Talking Band’s The Necklace: A serial mystery in eight episodes

As Daniel Gerould, the distinguished theatre scholar has noted, melodrama was and still is a major art form in America: “Out of the seeds of melodrama grew the mainstream of serious American drama, reaching its apex in O’Neill and continuing to the present, in affectionately ironic forms, in Richard Foreman and Sam Shepard.”

Melodrama provided a structural system and theatrical tools that are the backbone of such 20th century forms as Film Noir, weekly movie serials, Radio Theatre and especially Television Drama. The devices are familiar: hidden secrets, a sound environment that foregrounds tension and suspense, dark plottings, inflated and excessive expression, and significant props such as letters, deeds, jewelry, tell-tale birthmarks. The scripts for melodrama and its descendants were and are often written by teams of writers, working in a serial format and restricted to a codified structure.

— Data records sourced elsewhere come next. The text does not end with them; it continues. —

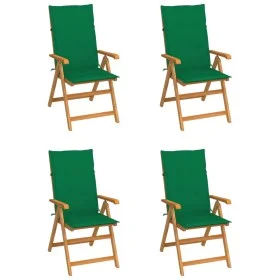 Gartenstühle 4 Stk. massives Teakholz mit grünen Kissen von vidaXL, Gartenstühle - Ref: Foro24-3065535, Preis: 502,17 €, Raba...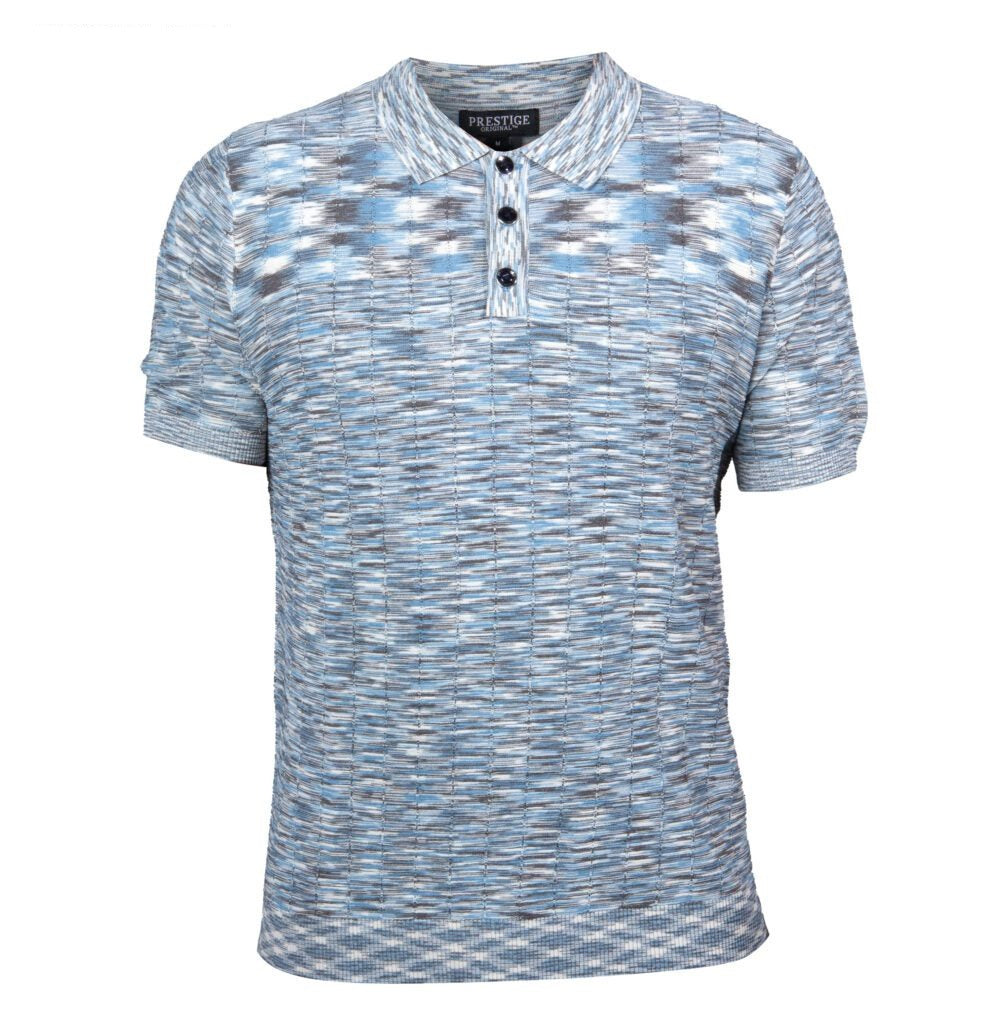 Prestige Heather Blue Knit Button Polo Shirt - Dudes Boutique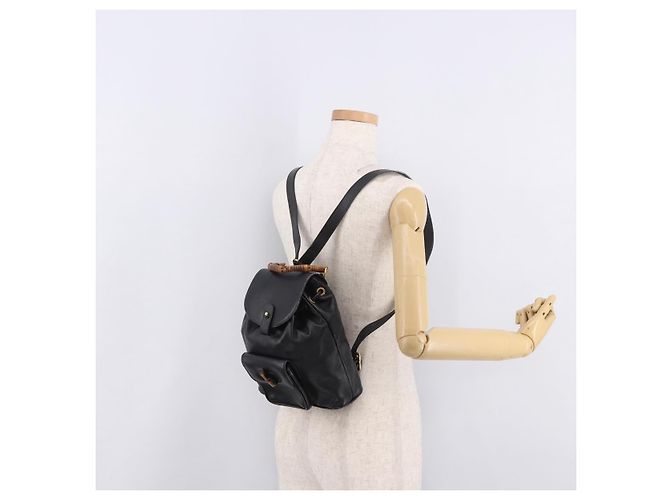 GUCCI Bamboo Backpack Leather Black Gold 003 2034 0030 - vista 28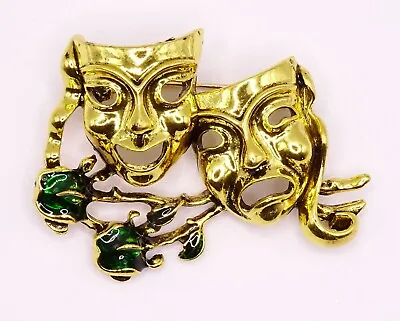 Gold Opera Theatre Masks Rose Flower Fashion Brooch Pin Brand New FREE P&P • £6.50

The Talking Band’s latest project is strongly influenced by melodrama’s mode of conception and expression. The Obie Award-winning theatre collective assembled four playwrights to write a serial play based on themes and structures that they would develop over a year’s time.

Lisa D’Amour, Ellen Maddow, Lizzie Olesker and Paul Zimet talked with The Brooklyn Rail about the process and development of The Necklace, which will open this month at Ohio Space.


Lizzie Olesker

JOHN/NAZIM
Hello, is this the Police? Yes my name is Nazim – I mean John Butler – yes, I am calling to report – wait. A missing person – yes just a few minutes ago. She’d be in her robe – Chinese silk – faded, once quite . . . and a suspicious looking person – people. I was hit. On the head. Jumped. From behind. No, inside the house. The house of the mind. No- on the moor. Yes. House of the house . . . You can’t miss it. Large. Civil War era – moss covered shutters. A green roof –It’s peeling a bit. Turrets and towers. A brick driveway. A large fence and a hedge – that’s right. On what used to be the moor. But no more. Yes its disappearing. So fast . . . And detective? There was some blood – a drop of blood – its on my hand, now. I’m not sure whose blood – or where it came from.

Roger Babb (Rail): What was the starting point?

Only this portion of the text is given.